Multimedia File System Paradigms
- 1 VCR Control Functions
- 2 Near Video on Demand
- 3 Near Video on Demand with VCR Functions
Let us continue our file systems' study by looking at multimedia file systems. These file systems use a different paradigm than traditional file systems. We will first review traditional file I/O, then turn our attention to how multimedia file servers are organized. To access a file, a process first issues an open system call. If this succeeds, the caller is given some kind of token, called a file descriptor in UNIX or a handle in Windows to be used in future calls. At that point the process can issue a read system call, providing the token, buffer address, and byte count as parameters. The operating system then returns the requested data in the buffer. Additional read calls can then be made until the process is finished, at which time it calls close to close the file and return its resources.
This model does not work well for multimedia on account of the need for real-time behavior. It works especially poorly for displaying multimedia files coming off a remote video server. One problem is that the user must make the read calls fairly precisely spaced in time. A second problem is that the video server must be able to supply the data blocks without delay, something that is difficult for it to do when the requests come in unplanned and no resources have been reserved in advance.
To solve these problems, a completely different paradigm is used by mul-timedia file servers: they act like VCRs (Video Cassette Recorders). To read a multimedia file, a user process issues a start system call, specifying the file to be read and various other parameters, for example, which audio and subtitle tracks to use. The video server then begins sending out frames at the required rate. It is up to the user to handle them at the rate they come in. If the user gets bored with the movie, the stop system call terminates the stream. File servers with this streaming model are often called push servers (because they push data at the user) and are contrasted with traditional pull servers where the user has to pull the data in one block at a time by repeatedly calling read to get one block after another. The difference between these two models is illustrated in Fig. 7-1.
Figure 7-1. (a) A pull server. (b) A push server.
7.5.1 VCR Control Functions
Most video servers also implement standard VCR control functions, including pause, fast forward, and rewind. Pause is fairly straightforward. The user sends a message back to the video server that tells it to stop. All it has to do at that point is remember which frame goes out next. When the user tells the server to resume, it just continues from where it left off.

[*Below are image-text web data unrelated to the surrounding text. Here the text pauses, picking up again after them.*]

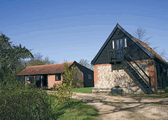 The Granary in Saxtead, Suffolk, East England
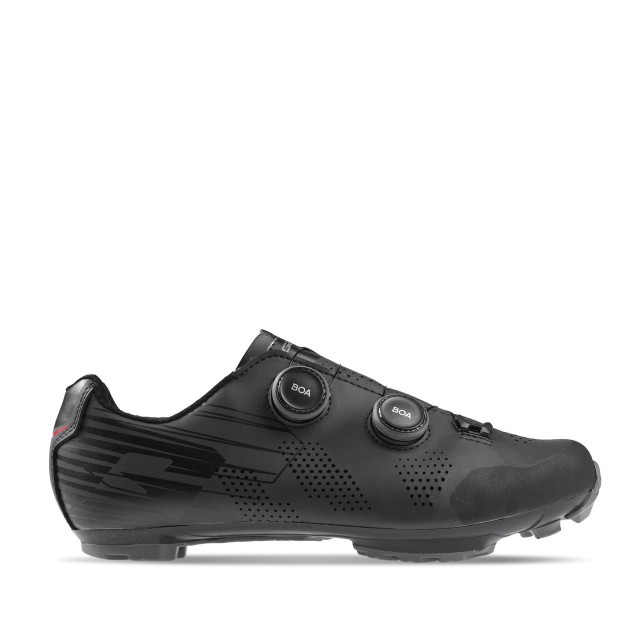 Cipő Gaerne MTB G.OBSIDIAN, 2 BOA-ával, fekete 43 - 3882-001 3882-00143_CM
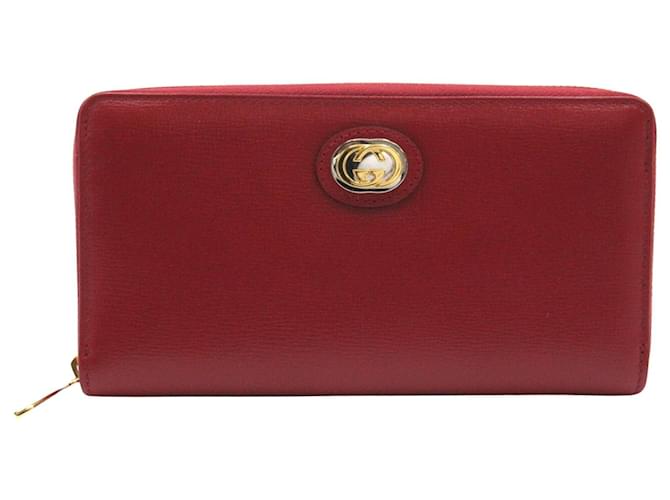 gucci Red Leather  ref.1273411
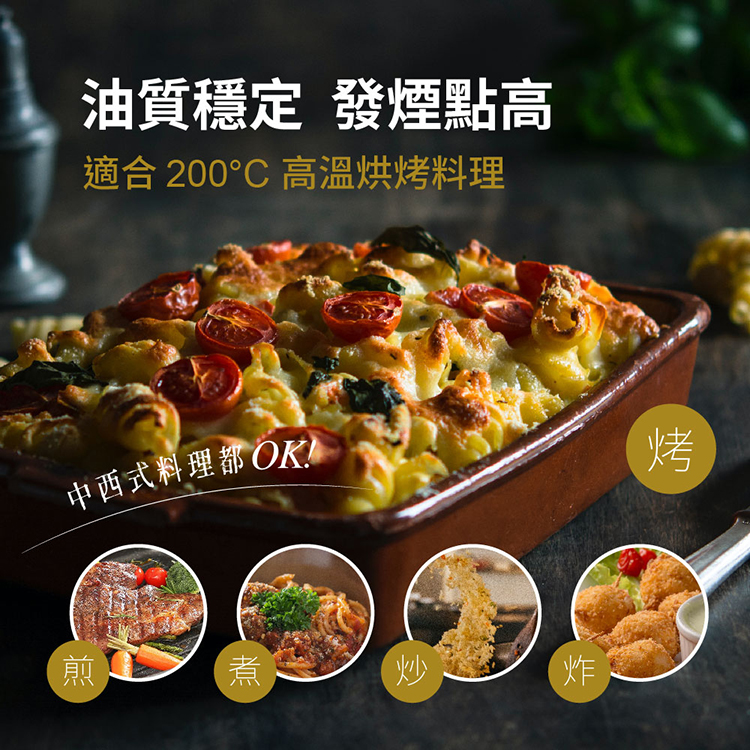 【囍瑞BIOES】純級100%純橄欖油(1000ml)-4入, , large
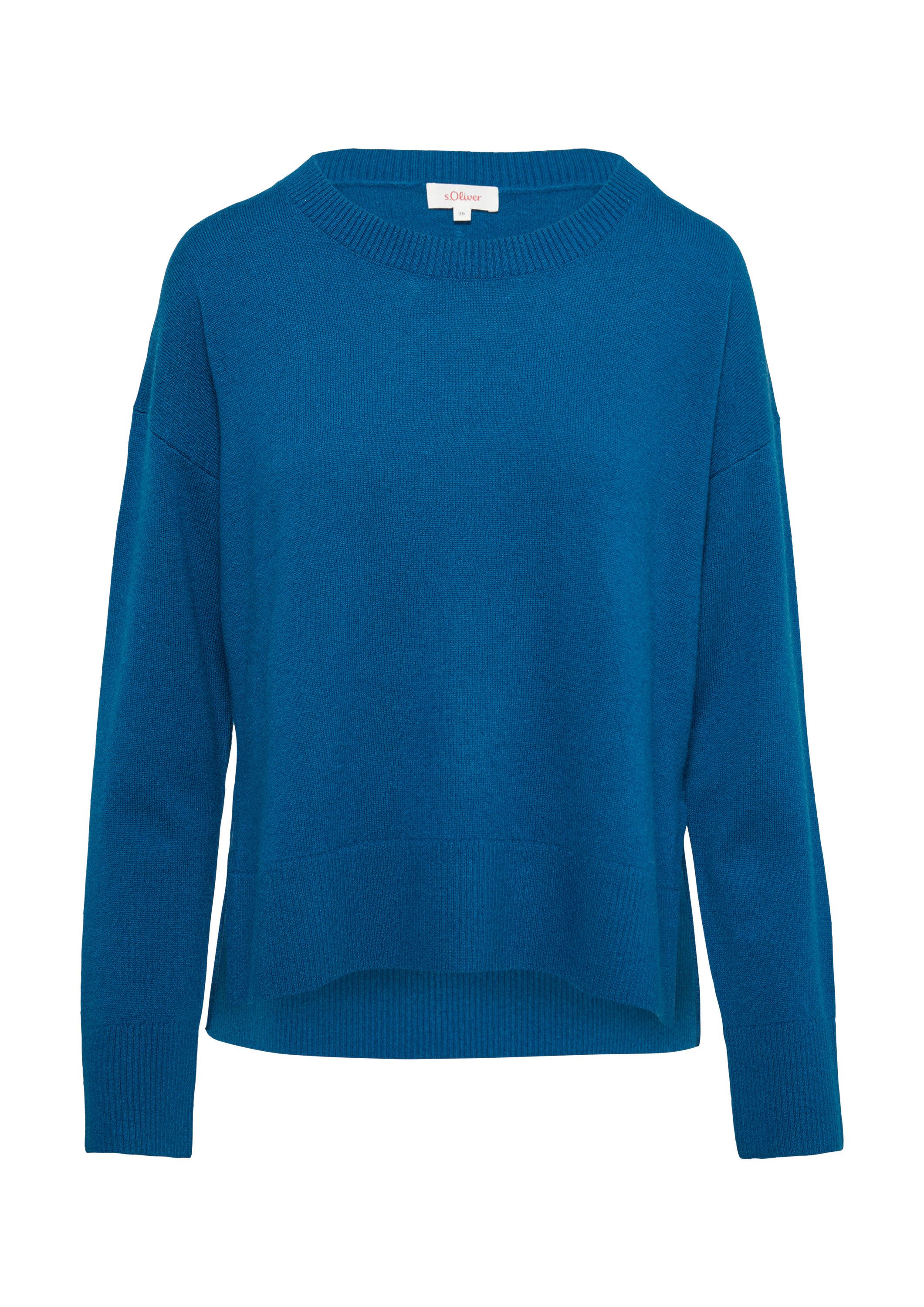 s.Oliver Longpullover Strickpullover (1-tlg) günstig online kaufen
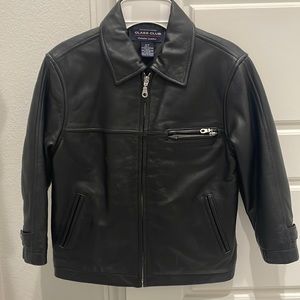 Black Leather Jacket Boys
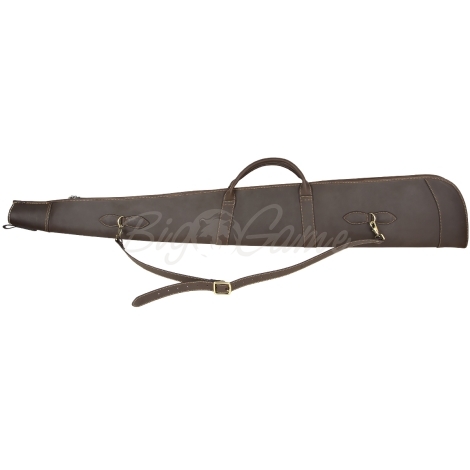 Чехол для ружья MAREMMANO 10890 Leather Shotgun Slip 125 см фото 2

However, there is one complication here. To achieve acceptable performance, the server may reserve resources such as disk bandwidth and memory buffers for each outgoing stream. Continuing to tie these up while a movie is paused wastes resources, especially if the user is planning a trip to the kitchen to locate, microwave, cook, and eat a frozen pizza (especially an extra large). The resources can easily be released upon pausing, of course, but this introduces the danger that when the user tries to resume, they cannot be reacquired.

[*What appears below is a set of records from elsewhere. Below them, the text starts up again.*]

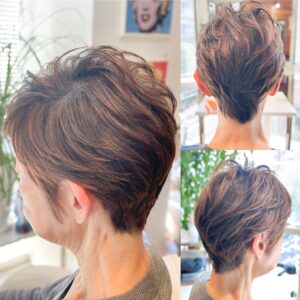 恵比寿の美容室Arcoirisのヘアスタイル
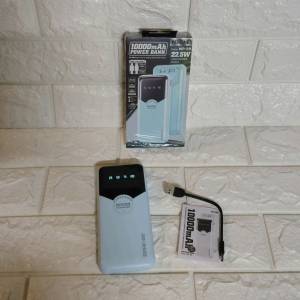 98%勁新原裝WEKOME WP-59 10000mAh 自帶線22.5W超級快充移動充電源 全套有盒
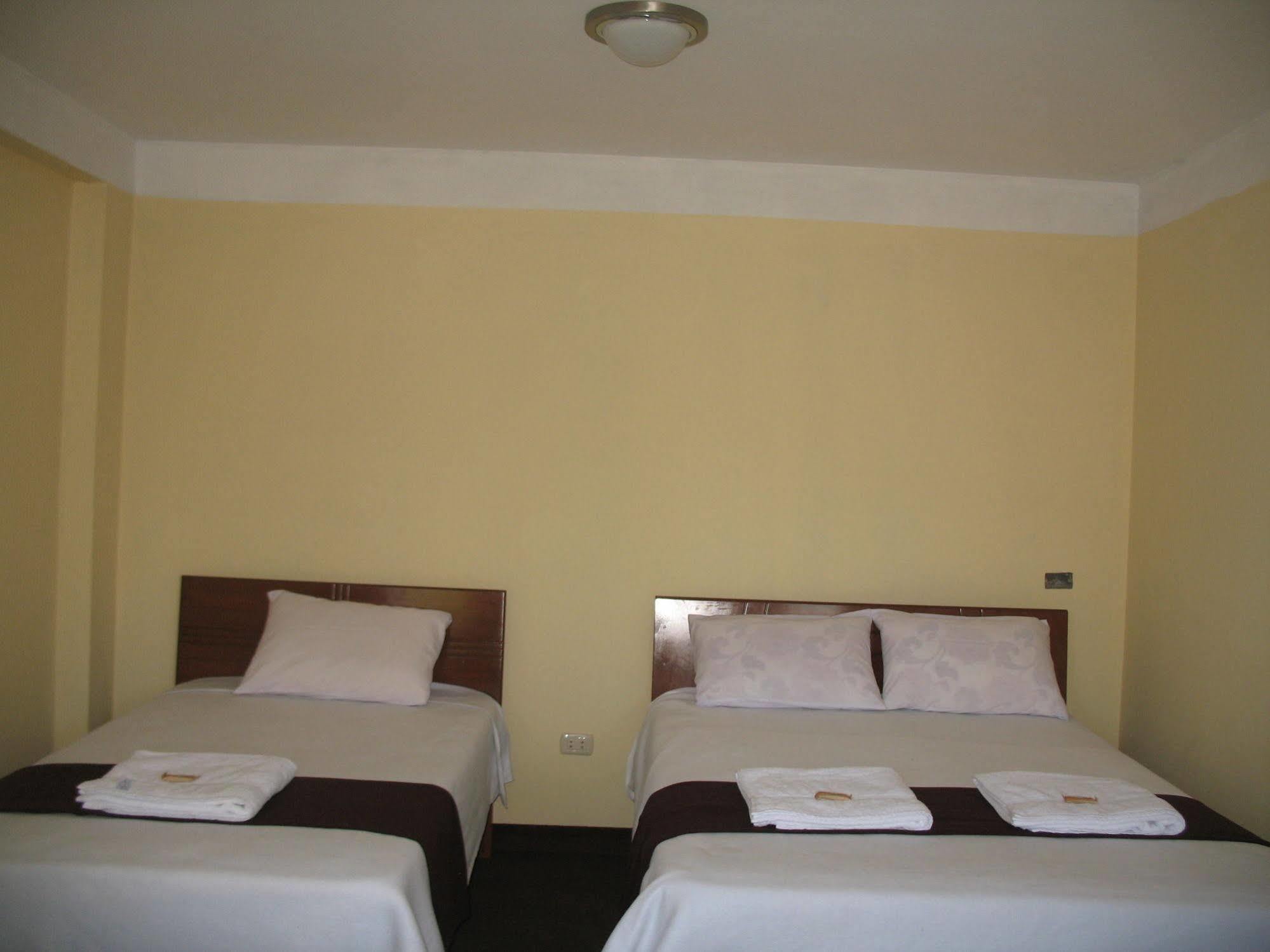 Hostal Casa Del Montanista Huaraz  Luaran gambar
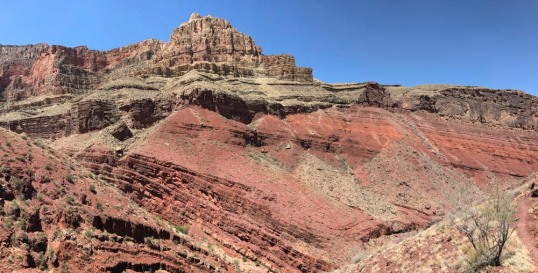 Angular Unconformity, Grand Canyon  (Pan)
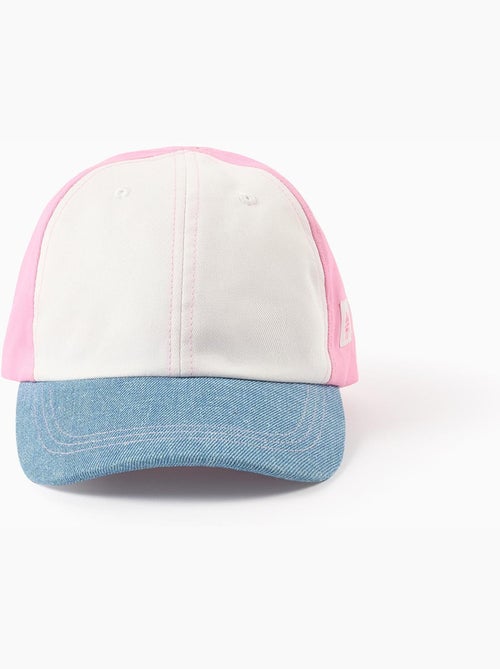 Casquette en coton avec bloque de couleurs - Kiabi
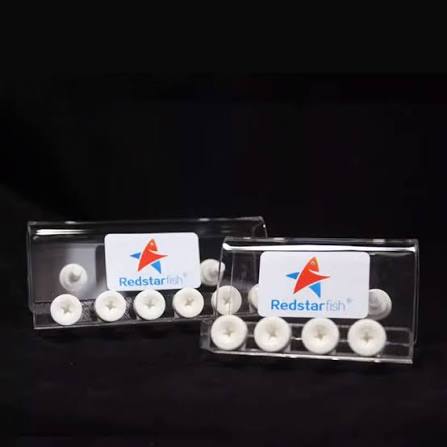 Red Starfish Aquarium Burette Clamp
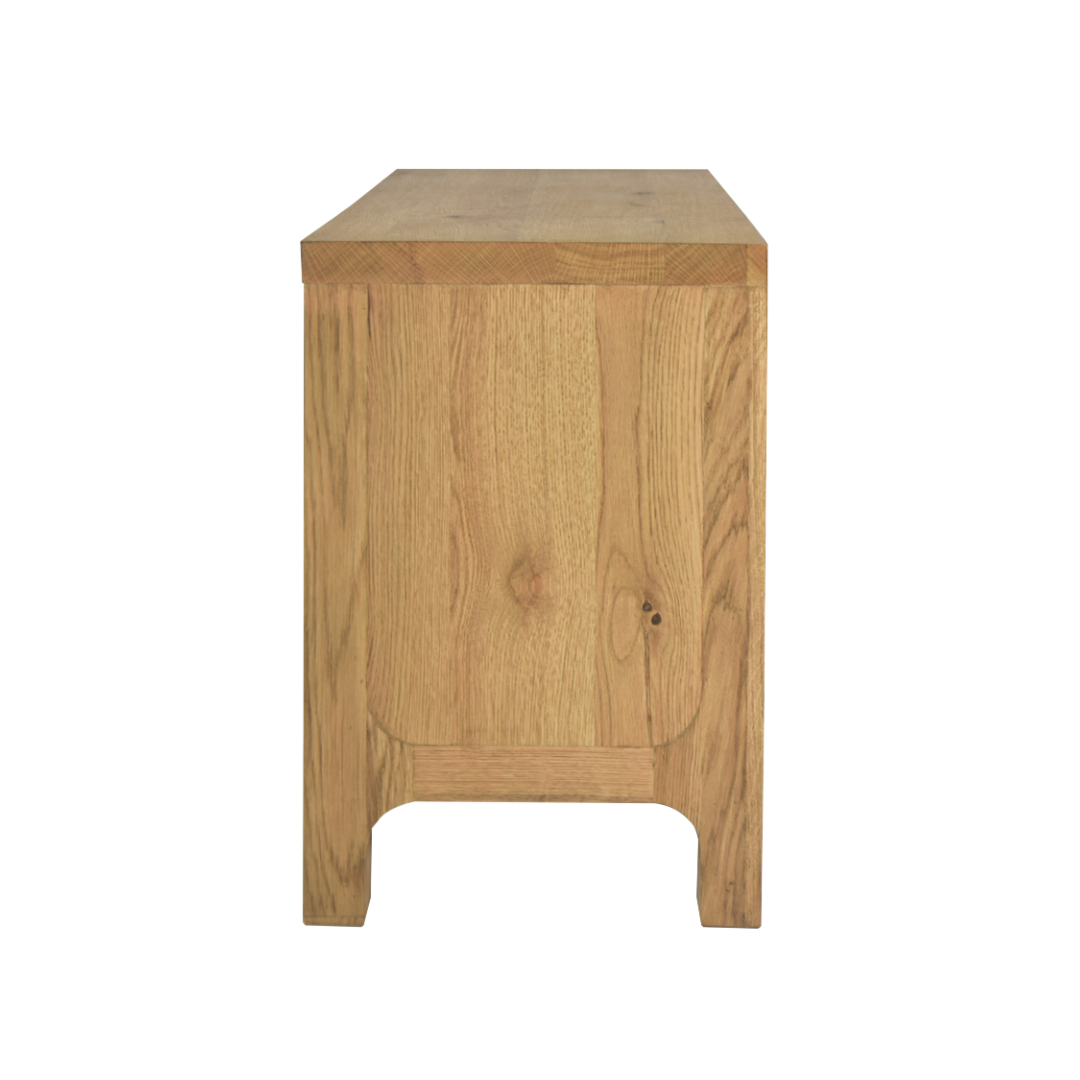 Wyatt Reclaimed Oak TV Unit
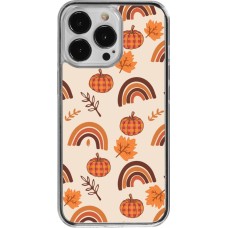 Coque iPhone 13 Pro - Plastique transparent Autumn 2024 rainbow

True rewind is actually easy, with no complications. All the server has to do is note that the next frame to be sent is 0. What could be easier? However, fast forward and fast backward (i.e., playing while rewinding) are much trickier. If it were not for compression, one way to go forward at 10x speed would be to just display every 10th frame. To go forward at 20x speed would require displaying every 20th frame. In fact, in the absence of compression, going forward or backward at any speed is easy. To run at k times normal speed, just display every k-th frame. To go backward at k times normal speed, do the same thing in the other direction. This approach works equally well for both pull servers and push servers.
Compression makes rapid motion either way more complicated. With a cam-corder DV tape, where each frame is compressed independently of all the others, it is possible to use this strategy, provided that the needed frame can be found quickly. Since each frame compresses by a different amount, depending on its content, each frame is a different size, so skipping ahead k frames in the file cannot be done by doing a numerical calculation. Furthermore, audio compression is done independently of video compression, so for each video frame displayed in high-speed mode, the correct audio frame must also be located (unless sound is turned off when running faster than normal). Thus fast forwarding a DV file requires an index that allows frames to be located quickly, but it is at least doable in theory.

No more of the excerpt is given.